• [Recorded information]:
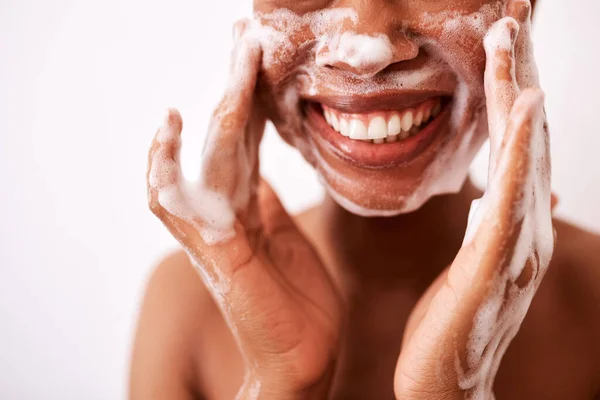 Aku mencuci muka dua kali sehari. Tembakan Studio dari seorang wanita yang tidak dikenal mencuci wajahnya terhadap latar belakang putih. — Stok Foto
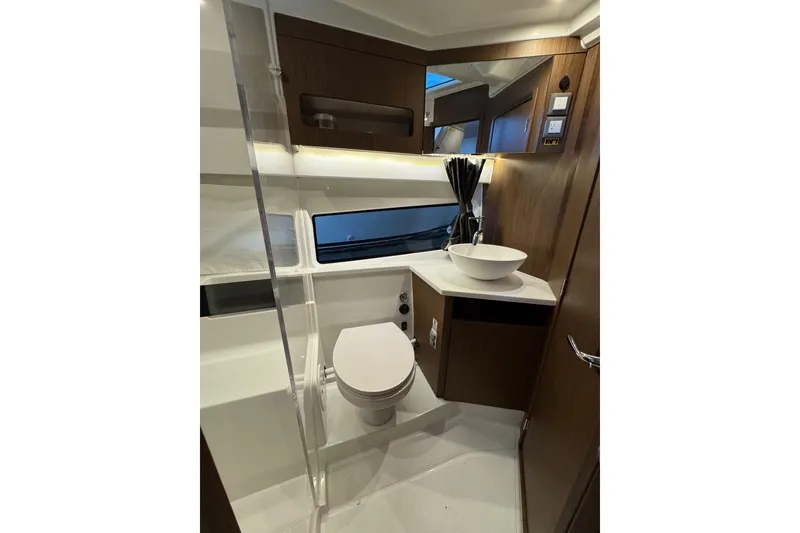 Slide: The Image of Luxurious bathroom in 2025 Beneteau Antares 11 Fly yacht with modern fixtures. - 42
...
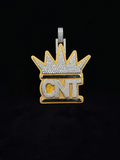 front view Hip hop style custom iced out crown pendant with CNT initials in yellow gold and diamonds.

• [Your task]: I would like the exact lines from the data above, starting with the one that holds "Aku mencuci muka" and going on through the one that holds "Slide: The Image", without the pictures.

• [Problem solution]:
 Aku mencuci muka dua kali sehari. Tembakan Studio dari seorang wanita yang tidak dikenal mencuci wajahnya terhadap latar belakang putih. — Stok Foto
 Slide: The Image of Luxurious bathroom in 2025 Beneteau Antares 11 Fly yacht with modern fixtures. - 42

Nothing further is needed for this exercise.